The '#OscarsSoWhite' controversy was also addressed in Tuesday's announcement of the 2017 Oscars nominations.
Having broken records at the Golden Globes earlier this month, the widely acclaimed movie musical La La Land has performed as predicted and secured 14 nominations for the 2017 Oscars, equalling the record for most nominations.
Damien Chazelle’s movie was given the nod for best picture, director, actor, actress, original screenplay, cinematography, costume design, film editing, original score, original song (twice, for both ‘City of Stars’ and ‘Audition’), production design, sound editing and sound mixing.

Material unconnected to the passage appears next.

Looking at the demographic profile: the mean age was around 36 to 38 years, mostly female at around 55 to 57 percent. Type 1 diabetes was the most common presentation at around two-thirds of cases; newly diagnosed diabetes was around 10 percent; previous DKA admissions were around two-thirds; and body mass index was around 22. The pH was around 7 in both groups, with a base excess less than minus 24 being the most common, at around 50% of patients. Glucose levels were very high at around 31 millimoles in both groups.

“I’m a little speechless,” said the 32 year old director Chazelle of his movie and its impressive haul, incredibly only his second full-length feature film after Whiplash. “I’m filled with gratitude.” His next project is widely reported to be a biopic about astronaut Neil Armstrong, and is set to see him work again with Ryan Gosling, the lead in La La Land.
As expected, 'La La Land' dominated the Oscars nominations with 14 nods
Gosling was, as widely predicted, nominated for Best Actor, along with Denzel Washington (Fences), Casey Affleck (Manchester By the Sea), Andrew Garfield (Hacksaw Ridge) and Viggo Mortensen (Captain Fantastic).

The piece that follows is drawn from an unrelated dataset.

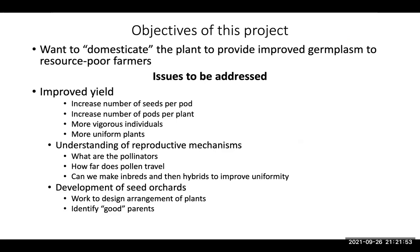The objectives of this project are to domesticate this plant and provide improved germplasm to resource-poor farmers. We're trying to improve yield by increasing the number of seeds per pod, pods per plant, individual vigor, and plant uniformity for a predictable sustainable yield. We need to understand the reproductive mechanisms, pollinators, and pollen travel distance. A key hindrance is that marama is essentially an obligate outcrosser — we'd like to break this self-incompatibility. We've identified what we think are the genes underlying self-incompatibility, and using CRISPR or RNAi we're trying to overcome it so we can develop inbred lines into which we can stack beneficial alleles and develop F1 hybrids, hopefully showing heterosis, to provide to farmers.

Emma Stone, Gosling’s co-star, was similarly nominated in the Actress category, with Natalie Portman (Jackie), Ruth Negga (Loving), Isabelle Huppert (Elle) and Meryl Streep (Florence Foster Jenkins) sharing the spotlight with her.
Such was La La Land’s dominance that almost everything else was eclipsed. In joint-second place for overall nominations were Moonlight and Arrival with eight nods apiece, with Lion, Hacksaw Ridge and Manchester By the Sea all picking up six nominations each.
The other main news was an increased diversity in the acting and directing categories that seems, for now at least, to have headed off the ‘#OscarsSoWhite’ controversy that has dogged the Academy for the last two years. Seven actors and directors received nods in the primary categories – a big step up from none at all in 2015 and 2016.
“It’s lovely to see the work that’s nominated reflect the world at large,” Moonlight director Barry Jenkins, who was nominated in the director and picture categories, said. “But it’s difficult: the films this year won’t be the same films as next year. We just have to be diligent and be mindful of these different voices and different kinds of work.”